Using the observed species richness data and a nested design we calculated four measures of the ratios of regional and mean component local species richness as metrics of spatial turnover: (1) total 10 km × 10 km and mean cumulative 1 km × 1 km richness; (2) standardized 10 km × 10 km and mean single year 1 km × 1 km richness; (3) standardized 10 km × 10 km and mean 2 km × 2 km richness; and (4) 2 km × 2 km and mean single year 1 km × 1 km richness. We consider these pairs of species richness estimates to be comparable because each member of a pair is collated over the same number of years. Similarly we measure the ratio of cumulative species richness estimated over a number of years to species richness in a single year. This metric provides a useful first approximation of temporal turnover. An equivalent measure of temporal turnover could not be constructed at the 10 km × 10 km spatial grain as at this grain, single and multiple year measures of species richness differ in factors other than the number of years over which species richness data were collated. These metrics can be considered broad sense measures of turnover (Koleff, Gaston & Lennon 2003).

occupancy and abundance

We used the total number of occupied 2 km × 2 km plots, summed across all species and based only on the eight randomly selected plots as a standardized measure of total occupancy at the resolution of 10 km × 10 km plots. We calculated equivalent data on mean occupancy per species. Empirical data indicate that occupancy and abundance are positively correlated in British birds (Gaston, Blackburn & Gregory 1997) and thus this measure of occupancy provides some indication of avian abundance in a 10 km × 10 km plot.

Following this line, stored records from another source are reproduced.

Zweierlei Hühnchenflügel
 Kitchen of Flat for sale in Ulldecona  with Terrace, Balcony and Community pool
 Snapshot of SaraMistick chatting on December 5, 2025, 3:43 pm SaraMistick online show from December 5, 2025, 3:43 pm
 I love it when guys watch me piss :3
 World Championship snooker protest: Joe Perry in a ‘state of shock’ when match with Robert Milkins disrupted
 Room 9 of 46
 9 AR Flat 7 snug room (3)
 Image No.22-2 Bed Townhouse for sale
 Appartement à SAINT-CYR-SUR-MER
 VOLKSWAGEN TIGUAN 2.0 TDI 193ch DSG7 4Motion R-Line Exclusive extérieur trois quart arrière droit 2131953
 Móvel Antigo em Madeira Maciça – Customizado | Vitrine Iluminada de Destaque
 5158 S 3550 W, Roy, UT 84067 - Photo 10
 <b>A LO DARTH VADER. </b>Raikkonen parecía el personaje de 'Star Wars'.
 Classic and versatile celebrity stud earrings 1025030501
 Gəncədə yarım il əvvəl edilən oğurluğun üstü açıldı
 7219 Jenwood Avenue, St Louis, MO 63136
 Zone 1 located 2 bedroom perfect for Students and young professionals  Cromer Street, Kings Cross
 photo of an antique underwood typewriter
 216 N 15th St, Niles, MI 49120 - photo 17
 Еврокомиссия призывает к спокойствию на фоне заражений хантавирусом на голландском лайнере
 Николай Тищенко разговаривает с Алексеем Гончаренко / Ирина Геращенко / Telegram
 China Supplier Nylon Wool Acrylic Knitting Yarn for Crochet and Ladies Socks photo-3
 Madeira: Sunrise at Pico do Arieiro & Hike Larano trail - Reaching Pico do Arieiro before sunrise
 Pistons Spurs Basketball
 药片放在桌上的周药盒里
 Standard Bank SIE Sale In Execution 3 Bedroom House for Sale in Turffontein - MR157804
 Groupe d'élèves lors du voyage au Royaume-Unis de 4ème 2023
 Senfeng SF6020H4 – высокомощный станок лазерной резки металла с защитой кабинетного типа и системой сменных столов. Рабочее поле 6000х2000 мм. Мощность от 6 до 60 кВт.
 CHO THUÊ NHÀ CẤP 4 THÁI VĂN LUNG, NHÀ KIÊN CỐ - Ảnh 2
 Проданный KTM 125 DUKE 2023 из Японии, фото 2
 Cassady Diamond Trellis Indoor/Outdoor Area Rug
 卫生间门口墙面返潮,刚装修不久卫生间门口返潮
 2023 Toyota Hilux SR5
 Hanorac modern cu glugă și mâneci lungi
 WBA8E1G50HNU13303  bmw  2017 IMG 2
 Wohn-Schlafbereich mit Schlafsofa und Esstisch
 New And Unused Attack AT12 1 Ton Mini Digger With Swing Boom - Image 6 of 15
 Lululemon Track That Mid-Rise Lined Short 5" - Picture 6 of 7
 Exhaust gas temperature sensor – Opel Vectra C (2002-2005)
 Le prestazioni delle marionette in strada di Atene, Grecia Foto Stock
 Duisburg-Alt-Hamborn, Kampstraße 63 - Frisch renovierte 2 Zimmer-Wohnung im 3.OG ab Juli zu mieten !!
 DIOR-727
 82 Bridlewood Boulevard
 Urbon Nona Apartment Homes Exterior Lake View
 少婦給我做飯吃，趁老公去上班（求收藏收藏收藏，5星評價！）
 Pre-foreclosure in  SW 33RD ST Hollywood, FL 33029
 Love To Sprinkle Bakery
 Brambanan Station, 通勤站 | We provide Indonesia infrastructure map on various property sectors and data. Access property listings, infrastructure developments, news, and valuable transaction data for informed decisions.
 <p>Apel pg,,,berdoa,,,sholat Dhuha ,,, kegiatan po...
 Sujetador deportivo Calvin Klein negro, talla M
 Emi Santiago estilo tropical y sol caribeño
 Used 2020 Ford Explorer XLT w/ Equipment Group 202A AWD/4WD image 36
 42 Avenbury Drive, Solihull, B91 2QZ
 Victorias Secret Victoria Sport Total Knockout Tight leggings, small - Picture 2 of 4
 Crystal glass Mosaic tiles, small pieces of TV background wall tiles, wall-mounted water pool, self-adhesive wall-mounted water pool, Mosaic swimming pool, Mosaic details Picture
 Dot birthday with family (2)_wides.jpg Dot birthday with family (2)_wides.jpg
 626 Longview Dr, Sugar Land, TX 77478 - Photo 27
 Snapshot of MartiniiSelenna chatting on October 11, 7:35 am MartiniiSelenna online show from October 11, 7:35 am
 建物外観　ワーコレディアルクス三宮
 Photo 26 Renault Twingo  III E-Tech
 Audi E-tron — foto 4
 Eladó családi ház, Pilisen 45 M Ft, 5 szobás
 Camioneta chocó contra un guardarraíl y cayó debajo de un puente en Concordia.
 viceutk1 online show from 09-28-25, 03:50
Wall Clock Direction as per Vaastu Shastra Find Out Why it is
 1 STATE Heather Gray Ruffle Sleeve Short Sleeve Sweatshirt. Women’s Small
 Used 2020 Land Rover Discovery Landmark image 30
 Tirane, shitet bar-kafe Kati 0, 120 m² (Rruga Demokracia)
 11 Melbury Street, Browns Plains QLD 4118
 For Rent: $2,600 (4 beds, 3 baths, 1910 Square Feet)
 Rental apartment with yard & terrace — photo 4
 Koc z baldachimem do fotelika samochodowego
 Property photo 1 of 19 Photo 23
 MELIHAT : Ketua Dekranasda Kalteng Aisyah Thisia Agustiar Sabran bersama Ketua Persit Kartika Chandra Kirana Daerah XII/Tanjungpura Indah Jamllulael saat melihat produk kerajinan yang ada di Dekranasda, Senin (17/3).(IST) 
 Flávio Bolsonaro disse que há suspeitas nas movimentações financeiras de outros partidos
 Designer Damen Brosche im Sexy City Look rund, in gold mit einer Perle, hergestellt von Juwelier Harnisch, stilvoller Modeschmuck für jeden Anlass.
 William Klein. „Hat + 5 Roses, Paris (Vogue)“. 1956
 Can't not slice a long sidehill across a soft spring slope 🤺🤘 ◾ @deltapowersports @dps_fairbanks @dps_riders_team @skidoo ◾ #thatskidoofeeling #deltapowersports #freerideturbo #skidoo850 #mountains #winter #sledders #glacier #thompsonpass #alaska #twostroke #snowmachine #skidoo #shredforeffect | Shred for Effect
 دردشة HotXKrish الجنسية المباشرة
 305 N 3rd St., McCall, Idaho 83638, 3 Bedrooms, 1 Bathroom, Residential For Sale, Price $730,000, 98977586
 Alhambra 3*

We used distance sampling software (distance, version 4·1 Release 2; Buckland et al. 2001; Thomas et al. 2004) to calculate total avian density within each 1 km × 1 km plot surveyed in 2000 (the year with the most data). We modelled the decline in detectability with distance from the transect line and took the heterogeneity in detectability between species, habitats and regions into account. We calculated detectability functions for each species with 40 or more observations; for other species we used the detectability function for a commoner surrogate species, which was as similar to the rare species in its conspicuousness and habitat type as possible (Table S1). Detectability functions were constructed using nine main habitat types (broad-leaved woodland, coniferous woodland, mixed woodland, scrub, seminatural grassland, heath and bog, farmland, humans and water bodies, based on Crick 1992) and 11 regions (nine English Government Office Regions, Wales and Scotland) as factors. We fitted half-normal and hazard-rate key functions and selected the detectability function that provided the best fit to the data as judged by Akaike Information Criteria (AIC) values. Once this best fitting model had been chosen for a species, it was applied to the encounters from surveyed squares to produce an estimate of the number of individuals of that species within each square; these were summed to estimate total avian density. We also calculated mean density per species present in the local assemblage.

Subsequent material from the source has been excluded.